For Avalanche fans, Johnson will always be the veteran depth defender who stabilized chaotic nights in 2022. He dressed for 13 playoff games on that Cup run, often eating defensive-zone starts.
He entered the league as the No. 3 pick in 2005, drafted by the Carolina Hurricanes and later shipped to Los Angeles. At 38, he finishes with 1,228 games and 342 points, built on stubborn, physical minutes.
If you watched Colorado's penalty kill that spring, you felt his calm when the puck bounced ugly. Vancouver is betting that same composure plays in meeting rooms and scouting rinks.

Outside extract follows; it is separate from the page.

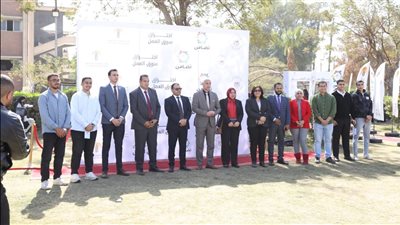 مشروع وحدات التضامن بالجامعات ينظم ملتقي توظيف في جامعة أسيوط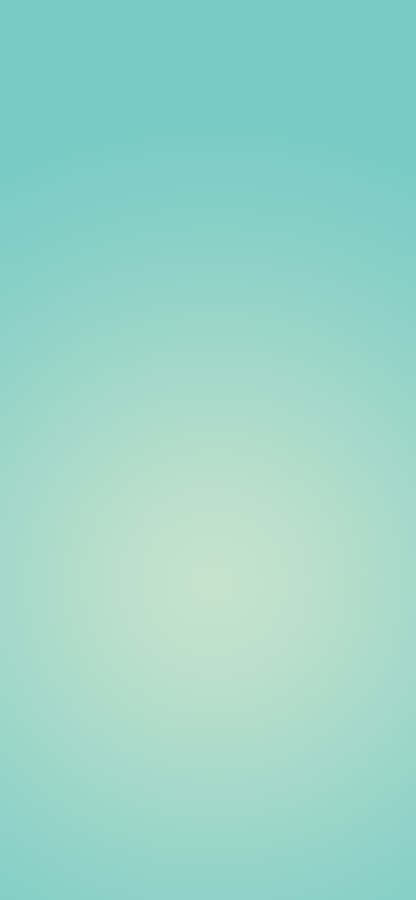 This Turquoise Iphone Adds A Pop Of Color To Your Everyday Tech Look. Wallpaper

Johnson's connection to Canucks boss Jim Rutherford is direct, Rutherford signed him in Pittsburgh back in 2018. Those years didn't end smoothly, but they put Johnson around a front office that values experience.
On the ice, he was never about flashy exits, he was about the first safe touch and the second clear. Colorado used him to protect leads, keep cycles outside, and simplify the slot when games got tight.
Now the grind shifts to flights, video, and finding the next depth piece before anyone else does. For a guy who blocked shots for a living, a quieter job still feels like a win.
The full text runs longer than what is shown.